A nonparametric framework for treatment effect modifier discovery in high dimensions


Heterogeneous treatment effects are driven by treatment effect modifiers, pre-treatment covariates that modify the effect of a treatment on an outcome. Current approaches for uncovering these variables are limited to low-dimensional data, data with weakly correlated covariates, or data generated according to parametric processes. We resolve these issues by developing a framework for defining model-agnostic treatment effect modifier variable importance parameters applicable to high-dimensional data with arbitrary correlation structure, deriving one-step, estimating equation and targeted maximum likelihood estimators of these parameters, and establishing these estimators’ asymptotic properties.

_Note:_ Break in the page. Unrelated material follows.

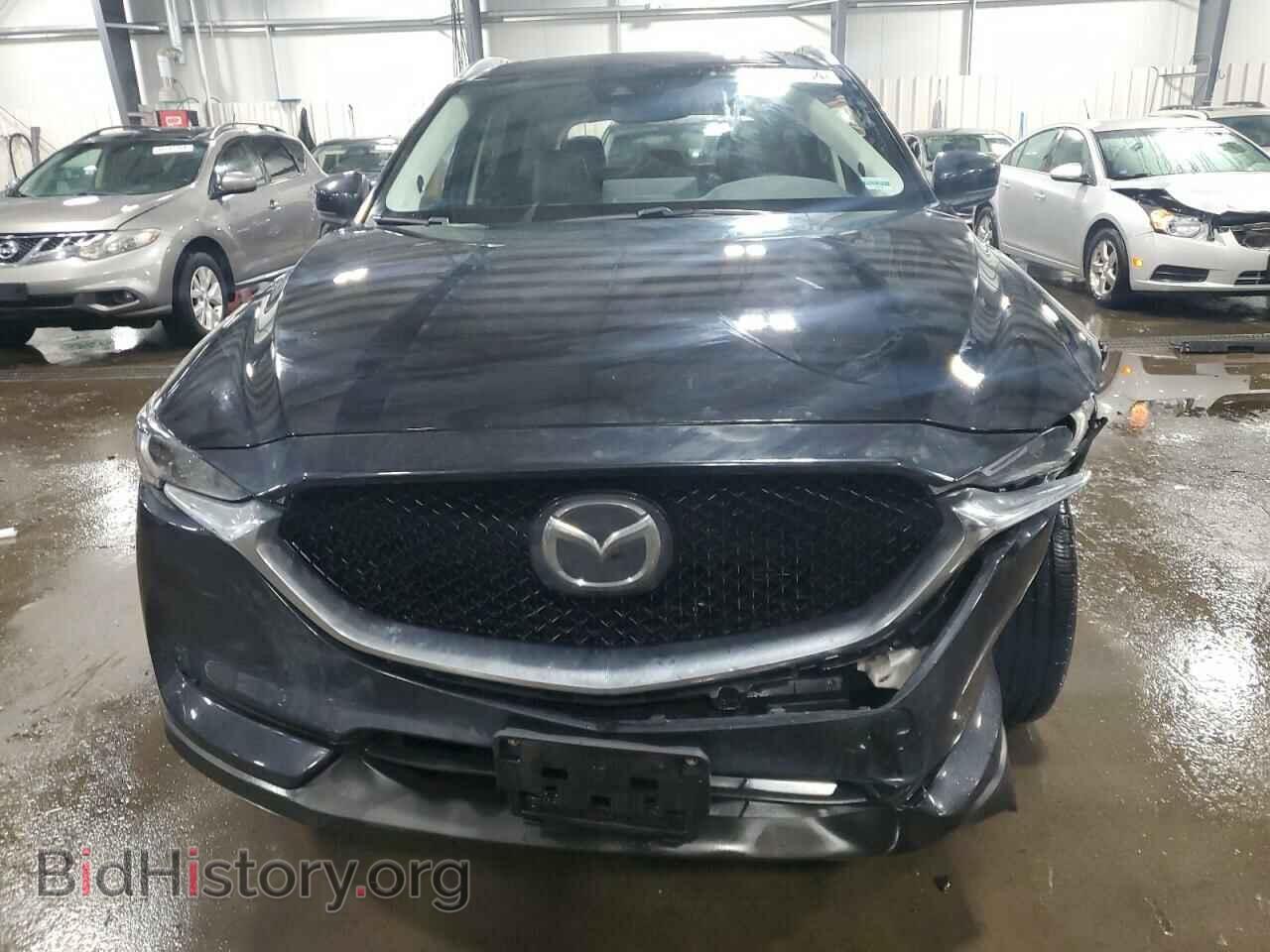 2021 MAZDA CX-5 - VIN: JM3KFBDMXM0468430 - Фото 5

This framework is showcased by defining variable importance parameters for data-generating processes with continuous, binary, and time-to-event outcomes with binary treatments, and deriving accompanying multiply-robust and asymptotically linear estimators. Simulation experiments demonstrate that these estimators’ asymptotic guarantees are approximately achieved in realistic sample sizes for observational and randomized studies alike. This framework is applied to gene expression data collected for a clinical trial assessing the effect of a monoclonal antibody therapy on disease-free survival in breast cancer patients. Genes predicted to have the greatest potential for treatment effect modification have previously been linked to breast cancer. An open-source R package implementing this methodology, unihtee, is made available on GitHub.